Unless, that is, you have an actress playing the secretary who is famous for her unreliability. She is Lindsay Lohan, and the betting in the cheap seats was never about her talent but about whether she would show up at all and, if she did, in what condition? It was incredibly brave of the director, Lindsay Posner, to take her on, and I can't help but feel the heavy foot of a producer on his neck for the publicity and box office. But, in the end, she came, she played, and, when she could be heard, she wasn't bad. By the way, can you imagine what the rehearsal room was like with a director and two of the three actors, all called Lindsay? Schiff must have felt like changing his name. Or not.

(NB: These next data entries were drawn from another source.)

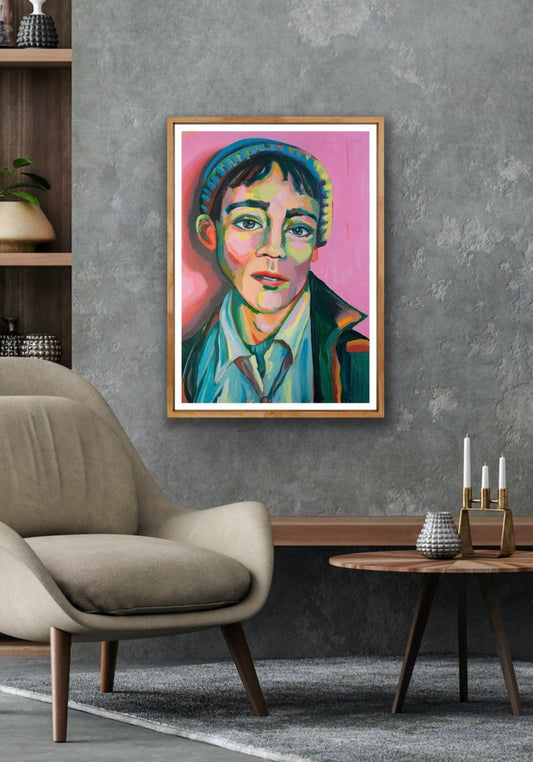 Miles limited edition fine art print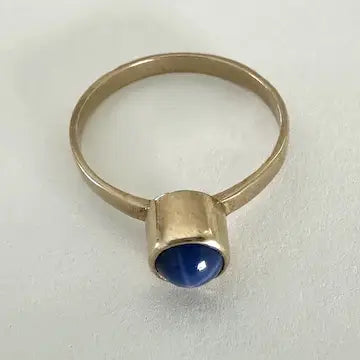 Vintage Lab Star Sapphire Ring Size 5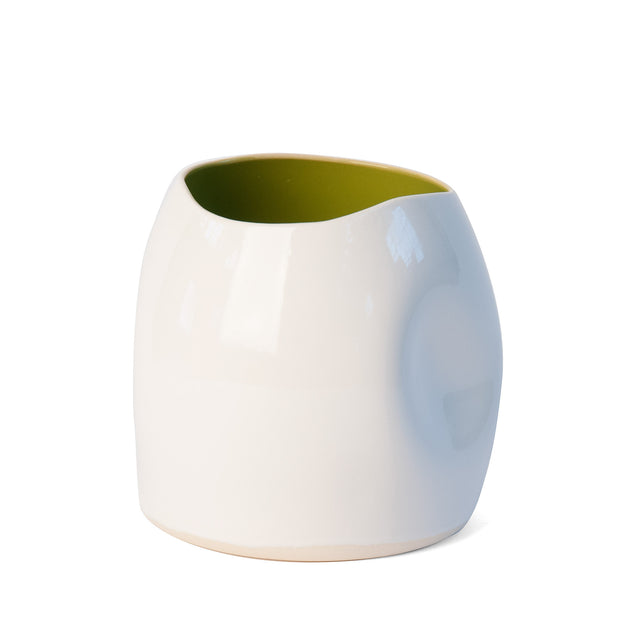 Out of Shape Vase - Olive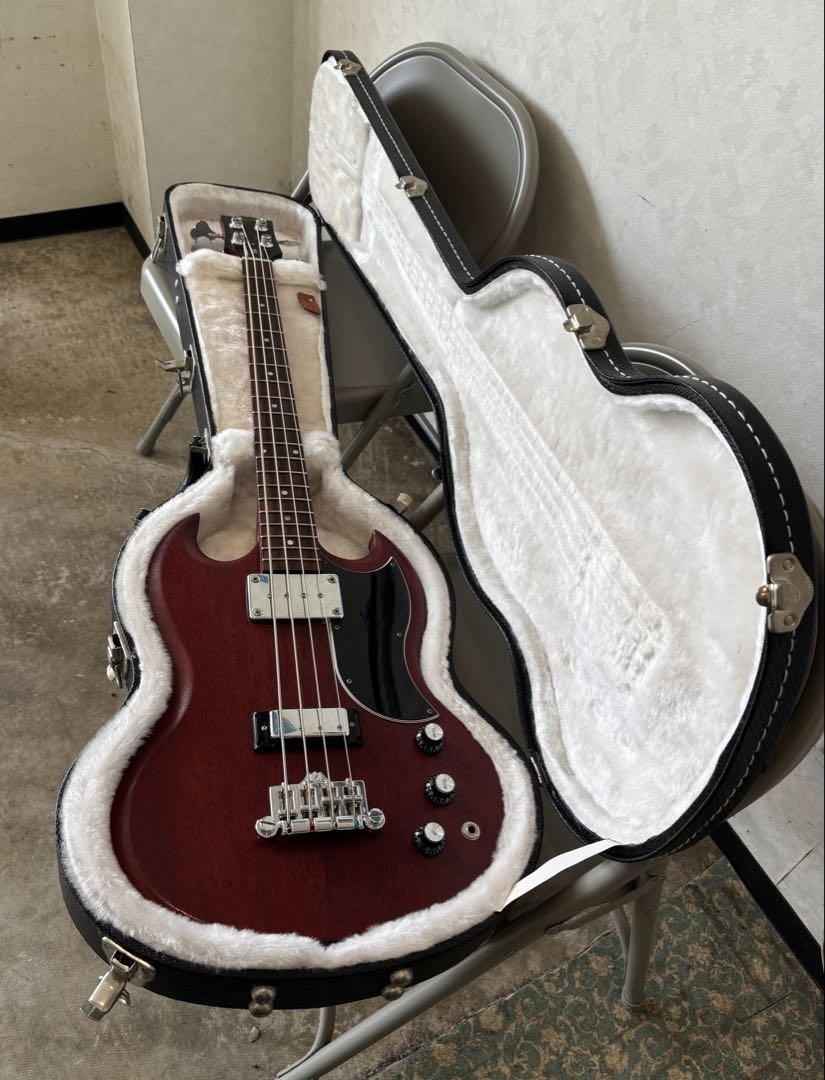 GIBSON SG BASS FADED チェリー Gibson SG Bass Faded - Worn Cherry | Sweetwater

Two small theatre hits this month gave me the most pleasure, and they couldn't be more different. At Jermyn Street Theatre an unknown, to me, World War One play by John van Druten, Flowers of the Forest, is given a sensitive and thoroughly elegant production by Anthony Biggs. John van Druten is best remembered now for I Am A Camera, his play based on Christopher Isherwood's novel "Goodbye to Berlin," which together formed the basis of the musical Cabaret.

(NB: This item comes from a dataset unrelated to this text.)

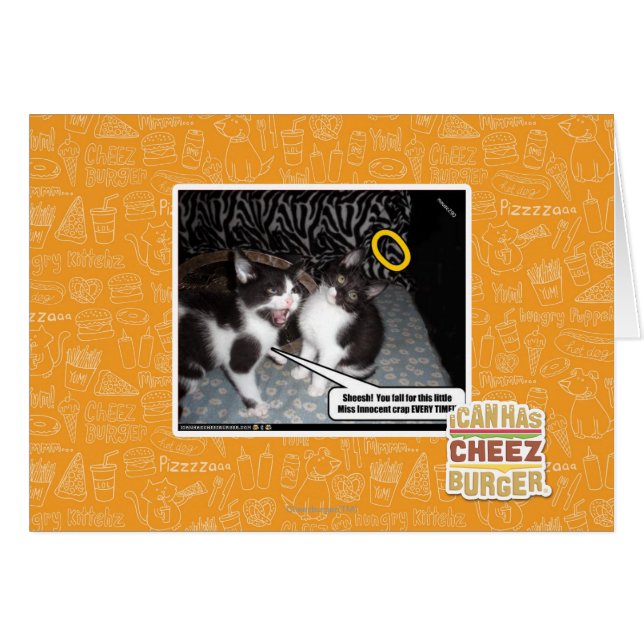 Cartão Miss Innocent (Frente Horizontal)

Flowers of the Forest, every bit as evocative of its period as its better-known predecessor, has a large cast led by Sophie Ward as Naomi, as much a casualty of war as her dead fiancé, in a family which, although most of them survived, they did so bruised and ultimately destroyed by the brutality and pointlessness of it all. Why we haven't seen this play before I can't imagine, but I hope it has a future.

I know exactly why we haven't seen Damn Yankees here before. It's about baseball, not a British game, and some of its truly American peculiarities are beyond an English audience without someone giving a pre-performance lecture about the difference between a "ball" and a "strike," a "bunt" and a "take," and all the rest. But, against that, even without the lecture, what can be bad about an evening which has "Whatever Lola Wants," "You Gotta Have Heart," the Devil and nine beautiful young men wearing nothing but towels? This Damn Yankees, staged by Robert McWhir, in the Landor, his postage-stamp pub theatre, with exquisite attention to detail and an excellent cast including a 51-year old newcomer, the charming Gary Bland, as the older version of the baseball fan who, just for one season, gets to be his younger self and win the pennant for his team, the Washington Senators, is simply terrific. This happens to be the 75th anniversary of the untimely retirement of Lou Gehrig who was diagnosed with Motor Neurone Disease, and, touchingly, despite almost nobody in England having ever heard of Lou Gehrig, and despite their audience being totally unfamiliar with the game of baseball, the theatre has dedicated this production to those suffering from this terrible disease and raises funds at every performance to support the Motor Neurone Disease Association, commonly known in the US as Lou Gehrig's Disease. Good for them.

(Ruth Leon is a London and New York City arts writer and critic whose work has been seen in Playbill magazine and other publications.)